- Required action:
Reproduce exactly, from the data that follows, the line with "Arizona Coyotes Rug", the line with "Mobile da Ingresso", and every line that lies between them.

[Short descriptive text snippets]
────────────────

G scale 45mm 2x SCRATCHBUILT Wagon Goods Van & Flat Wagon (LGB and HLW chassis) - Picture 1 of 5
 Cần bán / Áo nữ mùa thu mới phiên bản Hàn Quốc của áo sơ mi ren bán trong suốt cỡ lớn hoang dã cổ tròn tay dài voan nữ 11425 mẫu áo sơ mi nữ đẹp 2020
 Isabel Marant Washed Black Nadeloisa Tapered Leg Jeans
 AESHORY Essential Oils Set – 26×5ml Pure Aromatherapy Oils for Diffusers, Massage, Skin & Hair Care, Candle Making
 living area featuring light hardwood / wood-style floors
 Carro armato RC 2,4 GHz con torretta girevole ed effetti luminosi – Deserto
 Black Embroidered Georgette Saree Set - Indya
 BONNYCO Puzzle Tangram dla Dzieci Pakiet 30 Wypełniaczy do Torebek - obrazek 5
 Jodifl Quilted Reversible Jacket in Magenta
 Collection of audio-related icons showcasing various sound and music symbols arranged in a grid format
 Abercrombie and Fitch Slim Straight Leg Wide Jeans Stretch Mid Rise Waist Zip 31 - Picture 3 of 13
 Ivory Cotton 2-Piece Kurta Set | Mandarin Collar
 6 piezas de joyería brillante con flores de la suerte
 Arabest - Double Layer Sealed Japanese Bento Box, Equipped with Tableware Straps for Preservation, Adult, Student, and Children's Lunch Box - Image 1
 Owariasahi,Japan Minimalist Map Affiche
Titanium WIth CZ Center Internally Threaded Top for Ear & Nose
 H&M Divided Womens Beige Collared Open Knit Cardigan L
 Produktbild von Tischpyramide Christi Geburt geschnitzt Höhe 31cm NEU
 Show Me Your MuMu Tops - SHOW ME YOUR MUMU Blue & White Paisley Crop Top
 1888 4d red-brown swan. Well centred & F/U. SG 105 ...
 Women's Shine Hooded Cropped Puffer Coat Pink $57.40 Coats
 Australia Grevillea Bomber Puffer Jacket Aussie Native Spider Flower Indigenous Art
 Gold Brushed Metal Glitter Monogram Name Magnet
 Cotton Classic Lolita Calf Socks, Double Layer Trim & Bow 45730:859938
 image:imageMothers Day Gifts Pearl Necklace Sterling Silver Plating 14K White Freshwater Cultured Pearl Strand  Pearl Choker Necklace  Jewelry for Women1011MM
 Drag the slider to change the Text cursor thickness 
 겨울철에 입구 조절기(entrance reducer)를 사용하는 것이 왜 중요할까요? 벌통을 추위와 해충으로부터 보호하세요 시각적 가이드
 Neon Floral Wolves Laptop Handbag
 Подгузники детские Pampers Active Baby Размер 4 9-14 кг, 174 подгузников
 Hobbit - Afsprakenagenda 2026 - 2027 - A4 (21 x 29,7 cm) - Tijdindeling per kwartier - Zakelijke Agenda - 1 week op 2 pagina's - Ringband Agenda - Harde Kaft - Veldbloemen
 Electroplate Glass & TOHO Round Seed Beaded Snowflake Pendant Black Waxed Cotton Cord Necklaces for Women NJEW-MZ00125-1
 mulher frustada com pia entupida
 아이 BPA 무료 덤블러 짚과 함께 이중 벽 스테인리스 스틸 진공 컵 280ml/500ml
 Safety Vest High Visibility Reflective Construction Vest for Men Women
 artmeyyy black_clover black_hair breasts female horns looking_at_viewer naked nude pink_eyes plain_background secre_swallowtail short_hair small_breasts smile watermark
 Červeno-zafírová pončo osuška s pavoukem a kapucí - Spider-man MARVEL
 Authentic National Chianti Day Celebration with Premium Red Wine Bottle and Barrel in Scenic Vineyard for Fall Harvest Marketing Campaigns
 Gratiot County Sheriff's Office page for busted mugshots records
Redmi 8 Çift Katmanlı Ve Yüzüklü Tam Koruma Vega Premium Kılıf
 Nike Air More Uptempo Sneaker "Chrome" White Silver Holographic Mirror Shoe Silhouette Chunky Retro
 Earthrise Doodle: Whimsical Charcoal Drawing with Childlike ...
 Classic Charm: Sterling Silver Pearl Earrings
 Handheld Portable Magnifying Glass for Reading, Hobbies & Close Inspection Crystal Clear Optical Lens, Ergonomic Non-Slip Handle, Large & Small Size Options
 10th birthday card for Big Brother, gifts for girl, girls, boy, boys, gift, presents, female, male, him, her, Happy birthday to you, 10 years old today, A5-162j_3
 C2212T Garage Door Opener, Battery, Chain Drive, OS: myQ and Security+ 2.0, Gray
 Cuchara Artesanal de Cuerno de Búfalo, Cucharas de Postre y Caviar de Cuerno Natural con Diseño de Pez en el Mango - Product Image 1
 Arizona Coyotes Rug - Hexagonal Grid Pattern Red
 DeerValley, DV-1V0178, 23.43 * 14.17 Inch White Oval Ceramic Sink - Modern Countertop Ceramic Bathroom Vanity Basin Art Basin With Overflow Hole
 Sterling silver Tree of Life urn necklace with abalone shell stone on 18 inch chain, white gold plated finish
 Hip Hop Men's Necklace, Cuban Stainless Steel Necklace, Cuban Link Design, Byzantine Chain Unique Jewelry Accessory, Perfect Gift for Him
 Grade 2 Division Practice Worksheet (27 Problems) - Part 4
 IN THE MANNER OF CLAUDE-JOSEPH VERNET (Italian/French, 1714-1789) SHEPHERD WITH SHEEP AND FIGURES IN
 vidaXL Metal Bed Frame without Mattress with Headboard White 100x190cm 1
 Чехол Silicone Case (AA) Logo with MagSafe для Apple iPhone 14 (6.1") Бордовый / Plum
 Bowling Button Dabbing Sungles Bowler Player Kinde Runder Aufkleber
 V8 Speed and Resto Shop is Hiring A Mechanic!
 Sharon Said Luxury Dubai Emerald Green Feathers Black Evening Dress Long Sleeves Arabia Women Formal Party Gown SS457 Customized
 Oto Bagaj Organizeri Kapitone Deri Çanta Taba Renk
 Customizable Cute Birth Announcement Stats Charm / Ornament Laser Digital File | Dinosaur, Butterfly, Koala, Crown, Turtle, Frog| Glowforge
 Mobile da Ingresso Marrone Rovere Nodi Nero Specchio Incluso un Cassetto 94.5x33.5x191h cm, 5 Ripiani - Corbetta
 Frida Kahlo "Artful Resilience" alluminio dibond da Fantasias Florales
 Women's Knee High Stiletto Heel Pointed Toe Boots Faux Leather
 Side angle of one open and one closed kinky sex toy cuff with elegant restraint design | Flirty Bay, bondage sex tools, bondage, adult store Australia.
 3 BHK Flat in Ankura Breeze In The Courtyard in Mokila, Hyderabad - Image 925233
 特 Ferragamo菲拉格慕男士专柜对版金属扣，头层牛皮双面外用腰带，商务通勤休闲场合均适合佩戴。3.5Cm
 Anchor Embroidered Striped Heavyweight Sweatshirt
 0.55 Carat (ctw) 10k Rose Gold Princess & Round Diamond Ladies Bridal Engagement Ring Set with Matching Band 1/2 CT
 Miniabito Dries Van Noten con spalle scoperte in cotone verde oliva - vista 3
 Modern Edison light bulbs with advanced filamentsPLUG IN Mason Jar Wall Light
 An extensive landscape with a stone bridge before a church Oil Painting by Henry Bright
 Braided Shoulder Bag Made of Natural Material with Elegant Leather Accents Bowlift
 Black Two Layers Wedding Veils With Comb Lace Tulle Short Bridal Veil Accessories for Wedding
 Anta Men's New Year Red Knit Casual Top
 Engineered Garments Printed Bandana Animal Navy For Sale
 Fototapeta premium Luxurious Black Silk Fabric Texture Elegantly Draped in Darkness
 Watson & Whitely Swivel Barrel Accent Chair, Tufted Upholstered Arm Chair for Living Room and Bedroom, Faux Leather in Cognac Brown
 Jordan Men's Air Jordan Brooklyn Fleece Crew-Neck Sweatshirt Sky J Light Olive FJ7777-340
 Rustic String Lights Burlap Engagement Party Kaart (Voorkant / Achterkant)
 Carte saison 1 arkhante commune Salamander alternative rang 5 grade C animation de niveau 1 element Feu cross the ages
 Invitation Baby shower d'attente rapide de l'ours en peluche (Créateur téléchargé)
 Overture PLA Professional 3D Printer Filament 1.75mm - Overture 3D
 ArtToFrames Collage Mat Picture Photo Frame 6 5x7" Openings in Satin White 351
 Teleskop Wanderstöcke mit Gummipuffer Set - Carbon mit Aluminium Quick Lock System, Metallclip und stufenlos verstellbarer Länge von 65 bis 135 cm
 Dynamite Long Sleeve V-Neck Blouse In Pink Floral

────────────────

- Answer to this task:
 Arizona Coyotes Rug - Hexagonal Grid Pattern Red
 DeerValley, DV-1V0178, 23.43 * 14.17 Inch White Oval Ceramic Sink - Modern Countertop Ceramic Bathroom Vanity Basin Art Basin With Overflow Hole
 Sterling silver Tree of Life urn necklace with abalone shell stone on 18 inch chain, white gold plated finish
 Hip Hop Men's Necklace, Cuban Stainless Steel Necklace, Cuban Link Design, Byzantine Chain Unique Jewelry Accessory, Perfect Gift for Him
 Grade 2 Division Practice Worksheet (27 Problems) - Part 4
 IN THE MANNER OF CLAUDE-JOSEPH VERNET (Italian/French, 1714-1789) SHEPHERD WITH SHEEP AND FIGURES IN
 vidaXL Metal Bed Frame without Mattress with Headboard White 100x190cm 1
 Чехол Silicone Case (AA) Logo with MagSafe для Apple iPhone 14 (6.1") Бордовый / Plum
 Bowling Button Dabbing Sungles Bowler Player Kinde Runder Aufkleber
 V8 Speed and Resto Shop is Hiring A Mechanic!
 Sharon Said Luxury Dubai Emerald Green Feathers Black Evening Dress Long Sleeves Arabia Women Formal Party Gown SS457 Customized
 Oto Bagaj Organizeri Kapitone Deri Çanta Taba Renk
 Customizable Cute Birth Announcement Stats Charm / Ornament Laser Digital File | Dinosaur, Butterfly, Koala, Crown, Turtle, Frog| Glowforge
 Mobile da Ingresso Marrone Rovere Nodi Nero Specchio Incluso un Cassetto 94.5x33.5x191h cm, 5 Ripiani - Corbetta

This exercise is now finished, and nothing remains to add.